TTC chairman Karen Stintz confirmed that she’d asked for an investigation into the incident after VanKeeffe contacted her office.
She said they have negotiated a policy with the unions that any video taken on a TTC vehicle is not to be used to investigate their own employees — just incidences of assault against drivers or service disruptions.
Stintz suggested VanKeeffe file a Freedom of Information (FOI) request with the TTC to try to get access to the video.
Asked whether she sees anything wrong with that, she said that’s a discussion they need to have with the unions.
Efforts to reach ATU local 113 boss Bob Kinnear through his ‘gatekeeper’ Bill Reno were not successful Wednesday.
Still it all makes sense now.
It’s little wonder Kinnear and Co. have been so upset with the actions of their drivers being captured on cellphone cameras and BlackBerrys in the past two years.
Seeing as the TTC management won’t challenge this archaic ruling, at least there are vigilant commuters who will do so, indirectly.
As for the driver and his brazen gal pal, here’s my advice to them: Next time, get a room.
http://www.torontosun.com/2012/08/29/a-streetcar-named-desire-levy
I'm generally pro-union, but this policy is utter garbage and plays right into the hands of those who are anti-union. It is bad enough that unions have the perception of defending bad employees, but preventing the employer from reviewing security footage to determine if the allegations against an employee are true or not is not going to help their cause in the public eye. The drivers know that they are being recorded, so unless the union paid for these cameras, there is absolutely no logical reason why the TTC cannot look at that footage.

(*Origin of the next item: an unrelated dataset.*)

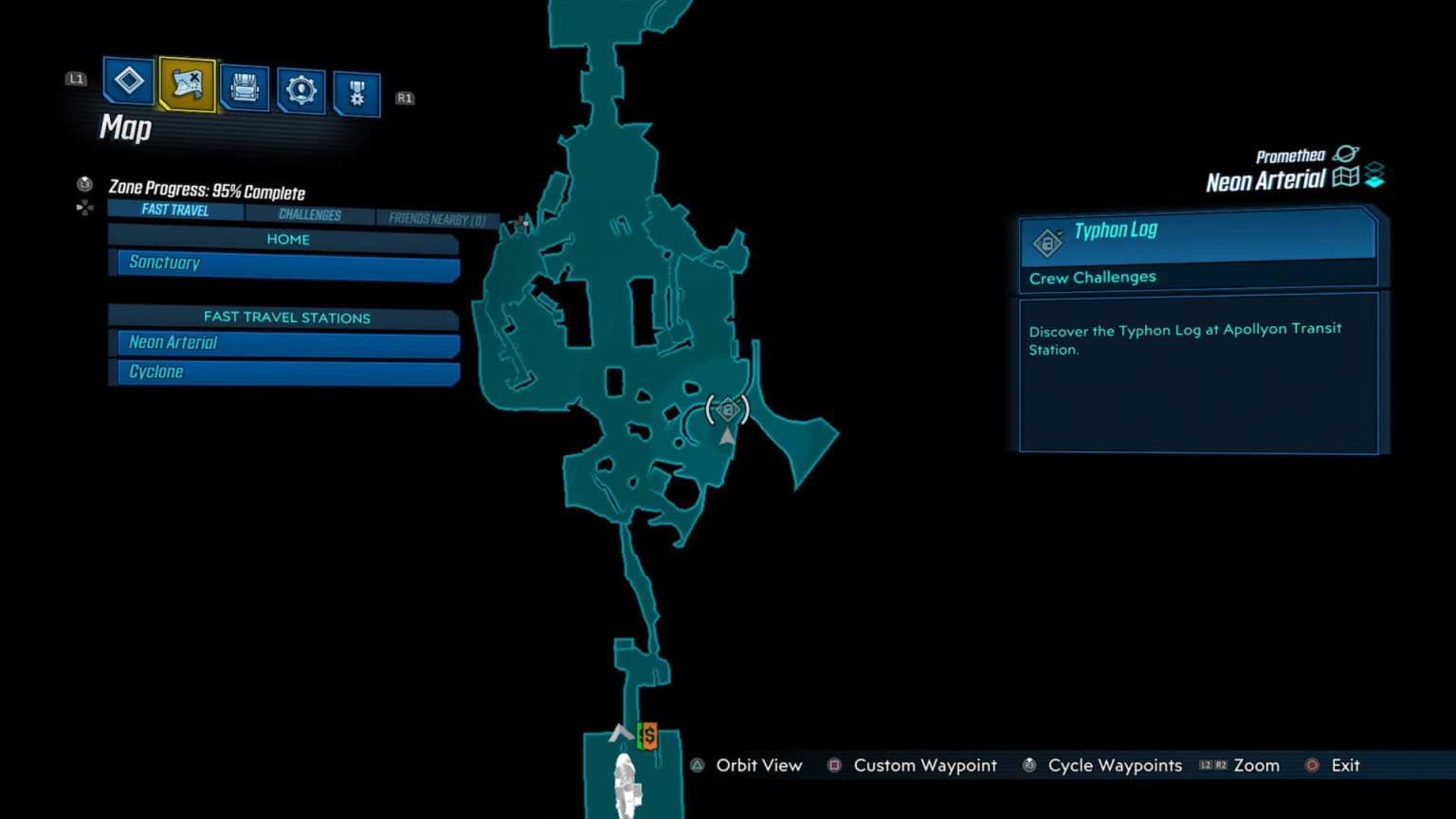 Borderlands 3 Neon Arterial Crew Challenge Locations Typhon Logs, Dead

Of course, this assumes that SAL's reporting is accurate. I can understand the TTC not reviewing security footage to monitor an employee unless a complaint was made or they have reason to believe that he is not doing his job properly (doing so otherwise would be a tremendous waste of resources), but with a complaint made being barred from reviewing evidence which could convict or acquit a driver because the union says so is completely asinine.